Но когда были занятия, специальная ли подготовка по основам криминалистики, тактика ли, строевая подготовка или физкультура, скучать было некогда.
Да, мы учились быть солдатами границы.
Из письма домой 5 декабря 1940 года:
Первый месяц занимались или в казарме, или недалеко за городом, но не близ границы. Ее мы пока не видели. Рассказали нам командиры, что город Перемышль разделен рекой Сан на две части — восточную и западную. Вот Сан и был границей. Город этот древний, основан был еще в X веке, а в сентябре 1939 года его западная часть, как и часть Польши, входила в «Зону государственных интересов Германии». Восточная часть стала советской. Через Сан был мост, соединяющий эти две части одного города двух разных государств. По мосту ходили поезда — торговали с Германией честь по чести, как и следовало странам, подписавшим договор о дружбе, пакт о ненападении…

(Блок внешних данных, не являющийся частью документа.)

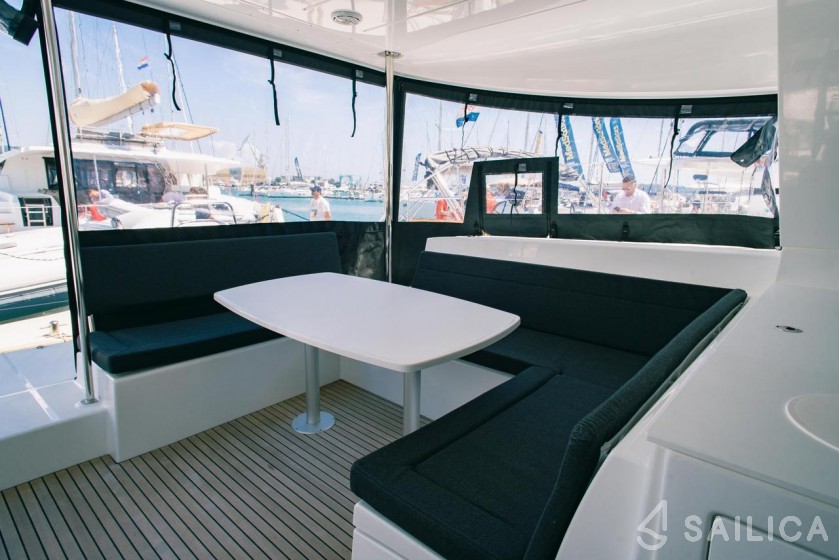 Lagoon 450 S - 4 + 2 cab. - Yacht Charter Sailica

В город нас пока еще не пускали, хотя по выходным дням и полагалось увольнение. Говорили командиры, что позже разрешат, когда ума-разума наберемся, и только группой, ни в коем случае не по одному.
— Опасно в городе. Убить могут. Вот когда год назад тут были части Красной армии, их большевиками звали, а нас, пограничников, коммунистами зовут и не любят.
— Это почему же так?
— А потому, что Красная армия их освободила, а пограничники границу установили, но ведь родственники-то на другой стороне, в той части города остались, а кто через границу, через реку в ту часть попытались пробираться — стреляли…
Да, в город нас не пускали, и мне его и увидеть-то не пришлось. Не пускали, зеленые вы еще! Так нас командир отделения называл.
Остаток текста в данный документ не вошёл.